While sitting in my common room Sunday night, I checked my phone to see a missed call from a buddy of mine at the Naval Academy. I didn’t think anything of it at the time. Deciding that I would call him back the next day, I opened my laptop and saw the same friend had just posted a status. It was simple, but shocking: “Osama is DEAD!!!!!” I thought it was a hoax at first and immediately went to the New York Times. But the status was not a lie. Osama was dead. Soon my phone was ringing off the hook. Three friends from West Point texted me, then my friends in ROTC began planning a victory party at the Street, then a second victory party. I was overwhelmed as I heard screaming echoing across Mathey Courtyard.

On May 1, 2011, Navy Seals killed Osama bin Laden, perhaps the most infamous terrorist of all time on a night raid in the heart of Pakistan. For Princeton, and most of America, it was a time for exuberant celebration. Across campus, shouts of “USA! USA!” and “America Fuck Yeah” roared. It was perhaps the happiest hour in the Global War on Terror.

But I could not bring myself to join my friends on the Street. I could not bring myself to toast the death of a mass murderer. I was stuck with only one thought in my head: the memories of the 9000 Americans who have died as a result of Osama bin Laden’s attack. How do they fit into the chants, toasts, and flag waving? Isn’t this night all about them, not us? Shouldn’t we be somberly honoring the souls this monster has taken from the Earth?

It is only natural, given the trauma of 9/11 that most people would celebrate. It seems that after 10 years of constant warfare we have finally brought justice to the evil mastermind. After all, on September 11, 2001, roughly 3,000 innocent men, women and children died. Since then, roughly 4,500 US soldiers have died in Iraq and 1,500 in Afghanistan. As a soldier in the US Army ROTC, I cannot help but be proud of my brothers and sisters who are currently fighting these wars. I especially cannot be more proud of the 20 or so Navy Seals that conducted an almost flawless raid to rid the world of an evil man. I believe that everyone in America should be proud today, knowing that justice has found bin Laden.

The fact that I was so proud made my feelings of remorse for the victims so much harder to reconcile. I so desperately wanted to feel the urge to celebrate, but couldn’t. How could I drink with my friends and feel that I was respecting the memory of those lost? I began talking to my friends and roommates to see if I could flush out an answer to the weird feeling that was developing in the pit of my stomach. As we talked, I began to realize why I was bothered by the drunken revelry. It feels wrong to be cheering at a hanging.

I continued to think it over. Osama bin Laden deserved to die. I would have preferred that he have stood trial as a murderer, but I understand that military operations have to deal with realities on the ground. His death is an event that will be forever engraved into our memories. Our grandchildren will probably ask us what living through the Arab revolutions and the killing of Osama bin Laden was like. Ultimately, Osama bin Laden was a murderer. And the operation against him was the execution promised to him by our laws. It was this realization that brought my feeling into clarity. If Osama was an executed criminal, then celebrating his death as if it were V-J Day in 1945 should feel weird. After all, we didn’t have street celebrations after the Nuremberg Trials, and we didn’t toast to the execution of Saddam Hussein.

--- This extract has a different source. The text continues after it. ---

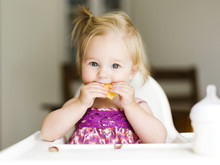 Portrait Of Cute Baby Girl Eating Food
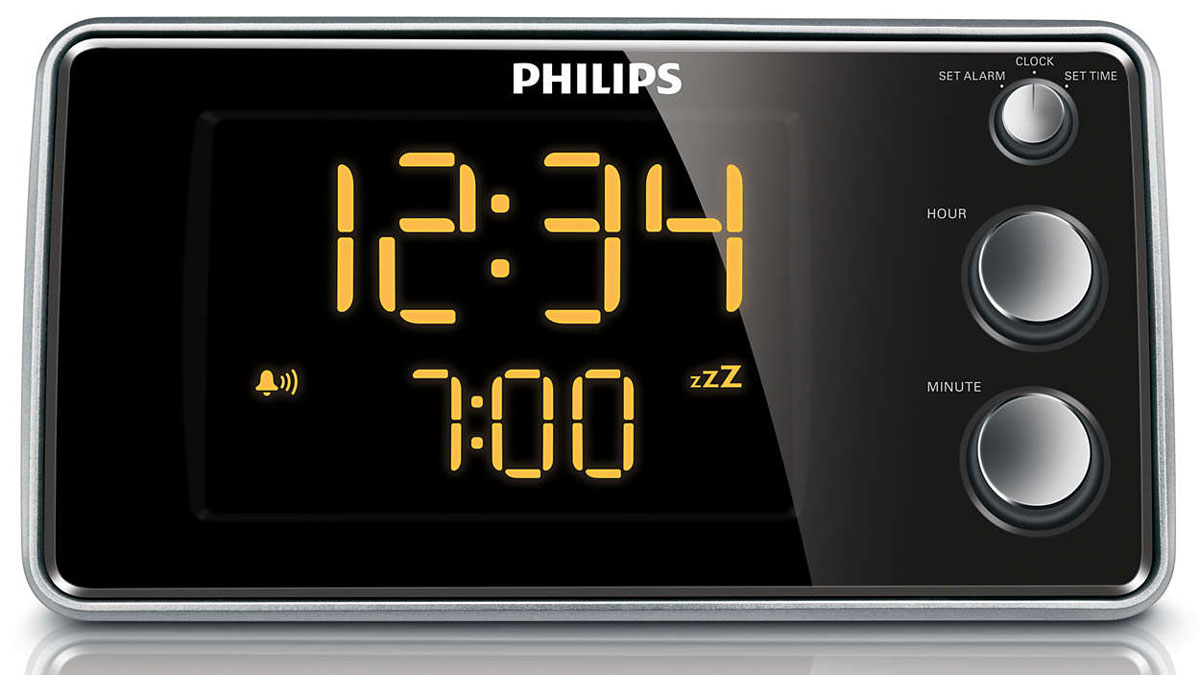 Philips AJ3551/12 радио будильникAJ3551/12 Philips AJ3551/12 радио будильникAJ3551/12Просыпайтесь под вашу любимую радиостанцию или под зуммерПросыпайтесь под свою любимую радиостанцию или ностальгический звонок будильника. Просто установите будильник на радиочасах Philips AJ3551/12 в режим включения последней прослушиваемой станции или в режим звонка. В установленное время радиочасы Philips автоматически включат эту радиостанцию или сигнал.Мягкий будильник для приятного пробужденияНачните ваш день с легкого пробуждения под постепенно нарастающую громкость будильника. Обычные сигналы будильника с предварительно установленной громкостью либо слишком тихие, чтобы разбудить вас, либо настолько громкие, что заставляют вас резко вскакивать. Просыпайтесь под вашу любимую музыку, радиостанцию или звуковой сигнал. Громкость сигнала Спокойного будильника постепенно нарастает с довольно низкой до достаточно высокой, чтобы мягко будить вас.Цифровой тюнер с предустановками для дополнительного удобстваПросто настройте необходимую станцию, а затем нажмите и удерживайте кнопку Preset (Предустановка), чтобы сохранить частоту. Благодаря функции сохранения предустановленных радиостанций можно быстро получить доступ к любимой радиостанции, не настраивая ее вручную каждый раз.Настройка яркости дисплея для удобства просмотраРегулируемая яркость дисплея позволяет настраивать дисплей в соответствии с необходимостью.Удобная установка часов и будильника без лишних инструкцийУстановка времени и будильника настолько проста, что не требует никаких инструкций и руководств. Для установки просто нажимайте кнопки на экране радиочасов Philips AJ3551/12.Большой дисплей для удобства просмотраБольшой дисплей позволяет с удобством просматривать информацию. Теперь можно без труда увидеть время или настройки будильника даже на расстоянии. Идеально подходит для людей в преклонном возрасте и людей со слабым зрением.Настраиваемый таймер выключает радиоприемник в установленное времяВремя воспроизведения радиоприемника можно с легкостью настроить, установив необходимое количество минут на цифровом таймере. Таймер выполнит обратный отсчет времени и автоматически выключит радиоприемник.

Eventually as I kept letting the victory celebrations stew inside my head, my mind began to wander towards a story I learned in Hebrew school going up. After God drowned the Egyptian army in the Sea of Reeds, the Hebrews were singing and celebrating the demise of their oppressors. God then told Moses and the Hebrews, “My creatures are drowning in the sea, and you sing songs.” I now understand what the Bible means by this statement. Destroying and killing is necessary. However, enjoying killing or esteeming killing is problematic. Certainly, from the Hebrew’s point of view, their Egyptian masters deserved to die. But to enforce justice is different from rejoicing in the fall of the enemy.

Scripture put my mind at rest, and I’m glad I didn’t join my friends at the street: it would have been wrong to toast to death. Although I still understand why my friends felt the need to rejoice over bin Laden’s demise, I still think that we as a community need to consider what we are celebrating. The wars in the Middle East are not over—far from it. The death of this murderer is an important stepping stone to the discrediting of religious extremism around the world, but it is not an end. We must remember that there is far more work to be done before we truly honor those who have died due to the attacks on 9/11.

Ultimately, this day is for those who died. Justice, so long in coming, has been served to Osama bin Laden. But to me, this event will be a sobering reminder of just how much work we must do to fulfill our promises of justice to those who have died. Only by honoring those promises can we truly celebrate the death of this murderer.